I'd like to see to. Used to do alot of embroifery and cross stitch and needlepoint. Eyes won't let me do it any more. Miss counted cross stitch. Best I can do now is 7 mesh plastic canvas. Saw a book on annies attic I would like to have. It's got diffrent things with quilting motfs on them. Used to do some quilting also. Gonna hate it when vision is totally gone. Today is a bed day for eyes. Prolly cause cats woke me up too early again. Having trouble seeing screen and keyboard. And that's with special magnification software.


----------



## hennalady

Great!! I have tons of plastic canvas patterns and used to embroider a lot. My 1st husband still has the Levi Jacket I did for him LOL


----------



## mummsie

I keep having to change my "cheaters" to see. I've done so much sewing, quilting, and fine work, guess it's catching up. Many people are blessed with the special mag. software. Technology is wonderful even though it frustrates the %#&$ out of me.


----------



## mummsie

There use to be a group that swapped plastic canvas patterns on line. Think their still around. Maybe google it?


----------



## hennalady

mummsie said:


> I keep having to change my "cheaters" to see. I've done so much sewing, quilting, and fine work, guess it's catching up. Many people are blessed with the special mag. software. Technology is wonderful even though it frustrates the %#&$ out of me.

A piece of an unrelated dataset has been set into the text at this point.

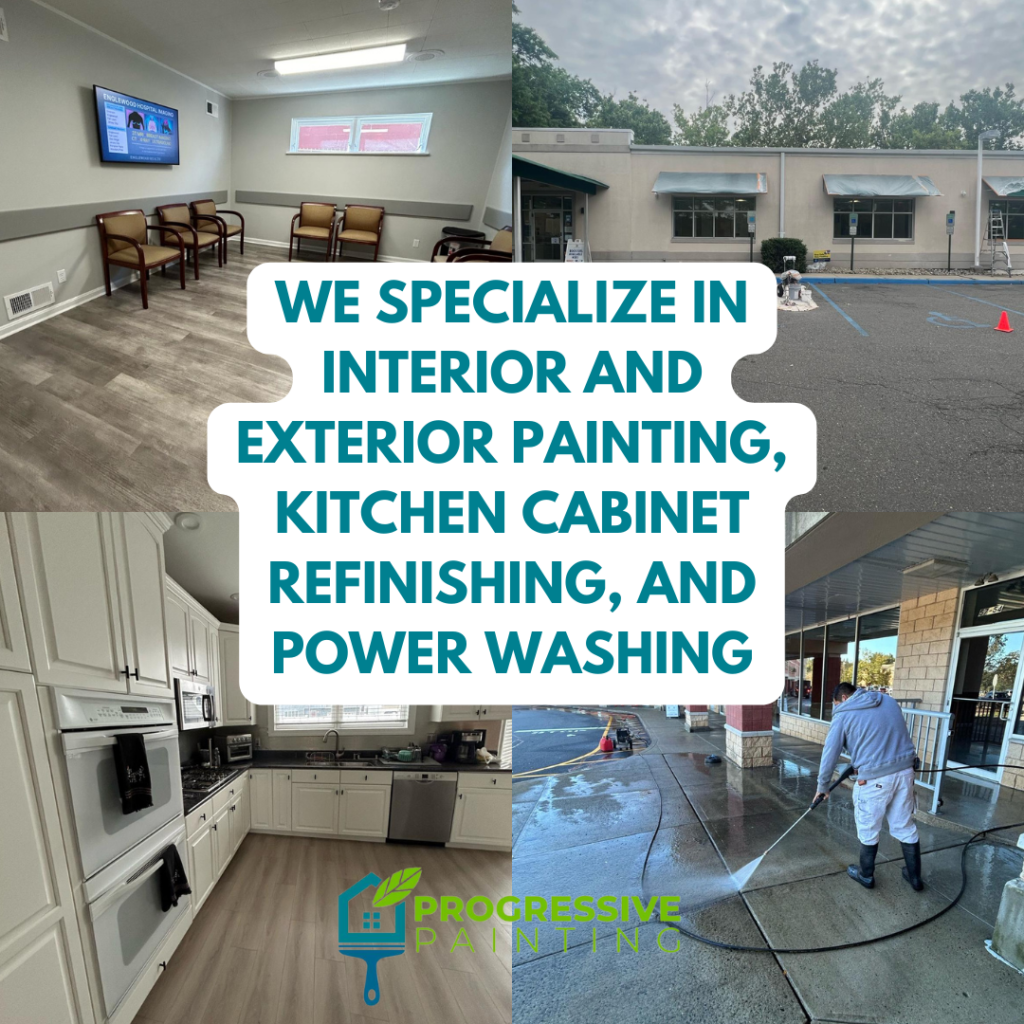 Professional interior and exterior painting with cabinet refinishing and power washing services.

Have you tried the magnifying lights?? Awesome!! Swing arm and they have either desktop or clamp on. I paid about $10 for mine but you may find a used one or a lower price.


----------



## Angelsmom1

hennalady said:


> mummsie said:
> 
> 
> 
> I keep having to change my "cheaters" to see. I've done so much sewing, quilting, and fine work, guess it's catching up. Many people are blessed with the special mag. software. Technology is wonderful even though it frustrates the %#&$ out of me.
> 
> 
> 
> Have you tried the magnifying lights?? Awesome!! Swing arm and they have either desktop or clamp on. I paid about $10 for mine but you may find a used one or a lower price.
Click to expand...

Have one, but not strong enough now. I have an eye disease that will cause total blindness in a few more months.


----------



## hennalady

That is truly sad..... I wish I could come there and make it all better Jackie 


Angelsmom1 said:


> hennalady said:
> 
> 
> 
> 
> 
> mummsie said:
> 
> 
> 
> I keep having to change my "cheaters" to see. I've done so much sewing, quilting, and fine work, guess it's catching up. Many people are blessed with the special mag. software. Technology is wonderful even though it frustrates the %#&$ out of me.
> 
> 
> 
> Have you tried the magnifying lights?? Awesome!! Swing arm and they have either desktop or clamp on. I paid about $10 for mine but you may find a used one or a lower price.
> 
> Click to expand...
> 
> Have one, but not strong enough now. I have an eye disease that will cause total blindness in a few more months.
Click to expand...


----------



## Angelsmom1

I could hire you as my seeing eye person/dog, but you'd have to eat dog food.


----------



## hennalady

I prefer the cat food personally.....
Oh, and here is a link to a bunch of knit stitches!
http://knittingonthenet.com/stitches.htm


Angelsmom1 said:


> I could hire you as my seeing eye person/dog, but you'd have to eat dog food.


 :lol: :lol: :lol:


----------



## Angelsmom1

mummsie said:


> There use to be a group that swapped plastic canvas patterns on line. Think their still around. Maybe google it?


I don't have that many patterns, but would like to see that group. Try to google it. Thanks


----------



## mummsie

Jackie,so sorry to hear your outcome. I had a relative with the same condition. If I were a fairy Godmother I would take all the pain and ugliness away in life. 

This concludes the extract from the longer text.